Art is designed for a great many purposes, but much art is also, if not exclusively, designed to provide and reflect a sense of pleasure. A palace might be intended to display the power and wealth of a ruler, but also to provide that ruler with a pleasurable home. A soaring and glorious Christian church may serve as a tool to help a worshipper understand what heaven might look like, but the method to achieve this entails inviting aesthetic pleasure.
Gardens and pleasure
Here, we will consider and compare several gardens, which are spaces designed to provide pleasing, immersive environments. While not always included in discussions of art, gardens can be considered a form of architecture and are precisely planned to heighten the pleasure of those resting in the shade of their trees.
Wealthy patrons, like kings and emperors, often commissioned prominent artists and architects to design their gardens. Contemplative monks worked on their own gardens as part of their worship. Governments and civic organizations design gardens today to mark and celebrate their presence or simply for the public to enjoy. All the gardens presented here constitute microcosms of a desirable world—whether real or imagined.
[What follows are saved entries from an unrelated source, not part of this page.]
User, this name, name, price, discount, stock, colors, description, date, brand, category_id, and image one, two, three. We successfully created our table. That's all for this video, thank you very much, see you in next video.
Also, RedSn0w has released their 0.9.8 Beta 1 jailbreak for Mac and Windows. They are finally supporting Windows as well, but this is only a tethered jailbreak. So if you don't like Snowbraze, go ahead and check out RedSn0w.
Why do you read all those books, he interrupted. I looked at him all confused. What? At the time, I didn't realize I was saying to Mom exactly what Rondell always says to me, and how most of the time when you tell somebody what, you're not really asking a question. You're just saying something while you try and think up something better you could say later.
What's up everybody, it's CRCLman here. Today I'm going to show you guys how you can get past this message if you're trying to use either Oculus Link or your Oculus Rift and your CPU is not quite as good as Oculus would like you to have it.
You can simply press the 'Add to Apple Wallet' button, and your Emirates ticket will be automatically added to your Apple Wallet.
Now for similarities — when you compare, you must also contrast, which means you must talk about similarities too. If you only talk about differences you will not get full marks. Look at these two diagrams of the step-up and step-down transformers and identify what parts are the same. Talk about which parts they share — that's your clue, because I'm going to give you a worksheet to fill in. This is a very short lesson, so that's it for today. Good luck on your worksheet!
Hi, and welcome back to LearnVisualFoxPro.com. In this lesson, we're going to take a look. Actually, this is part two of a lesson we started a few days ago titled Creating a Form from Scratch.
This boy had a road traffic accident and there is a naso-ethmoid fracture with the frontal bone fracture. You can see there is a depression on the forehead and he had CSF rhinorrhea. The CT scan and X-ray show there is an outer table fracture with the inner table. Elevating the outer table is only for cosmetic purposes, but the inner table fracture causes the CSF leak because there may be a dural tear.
Gardens and garden paintings across cultures
Many cultures around the world created gardens as spaces of pleasure. Indeed, the modern English word “paradise” is based on an ancient word for “garden.” Each culture designs its gardens in its own fashion, reflecting different notions of beauty and different concepts of pleasure.
We will continue our exploration of gardens as pleasant microcosms by taking a closer look at noteworthy gardens in medieval Japan, twentieth-century England, seventeenth-century France, representations of early Mughal Empire gardens, and finally Monet’s gardens at Giverny. We will then consider images of gardens, designed to reflect the pleasure actual gardens inspire. Just as many choices need to be made in the layout of a garden as in the design of any complex work of art or architecture—and each one reflects the values and goals of its designer.
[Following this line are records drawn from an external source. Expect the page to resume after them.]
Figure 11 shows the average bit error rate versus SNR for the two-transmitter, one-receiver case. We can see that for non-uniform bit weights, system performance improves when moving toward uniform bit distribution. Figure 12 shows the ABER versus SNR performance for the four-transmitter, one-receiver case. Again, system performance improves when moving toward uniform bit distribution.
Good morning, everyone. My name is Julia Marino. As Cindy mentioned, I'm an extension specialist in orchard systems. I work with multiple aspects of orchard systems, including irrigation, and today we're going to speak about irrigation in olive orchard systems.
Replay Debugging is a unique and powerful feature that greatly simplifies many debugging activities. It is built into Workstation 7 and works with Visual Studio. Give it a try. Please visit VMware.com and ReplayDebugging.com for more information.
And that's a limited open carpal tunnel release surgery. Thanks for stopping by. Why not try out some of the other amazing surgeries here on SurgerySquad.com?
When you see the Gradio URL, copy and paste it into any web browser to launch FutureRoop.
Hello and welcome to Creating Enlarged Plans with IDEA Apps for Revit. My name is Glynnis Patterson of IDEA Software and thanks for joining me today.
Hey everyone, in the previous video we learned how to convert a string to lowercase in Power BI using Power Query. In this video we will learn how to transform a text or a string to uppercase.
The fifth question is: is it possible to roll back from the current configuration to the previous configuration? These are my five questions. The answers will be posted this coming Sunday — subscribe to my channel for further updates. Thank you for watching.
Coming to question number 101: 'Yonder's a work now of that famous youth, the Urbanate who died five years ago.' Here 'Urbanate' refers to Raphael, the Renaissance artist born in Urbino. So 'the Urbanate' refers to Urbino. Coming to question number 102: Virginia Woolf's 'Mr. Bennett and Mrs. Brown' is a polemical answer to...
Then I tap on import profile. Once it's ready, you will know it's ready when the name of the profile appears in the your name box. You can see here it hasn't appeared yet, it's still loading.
Japan: Simple yet dramatic monastic gardens
In Japan, the kare sansui 枯山水—the dry garden—was fully developed in the Muromachi period (1333–1568). Elements of the dry garden can be found in Japanese culture dating back over a thousand years earlier, but it was in the Muromachi period that the form came into its own. Kare sansui can be literally translated as “withered mountain-water.” These gardens, influenced by Zen Buddhism imported from China, are “gardens” only in a loose sense, as some contain little or no greenery.
The most famous dry garden is at Ryōanji, the “Temple of the Peaceful Dragon,” in northwest Kyoto. The current garden was established in 1488 by Hosokawa Masamoto, a powerful clan leader, after an earlier temple on the site burned down.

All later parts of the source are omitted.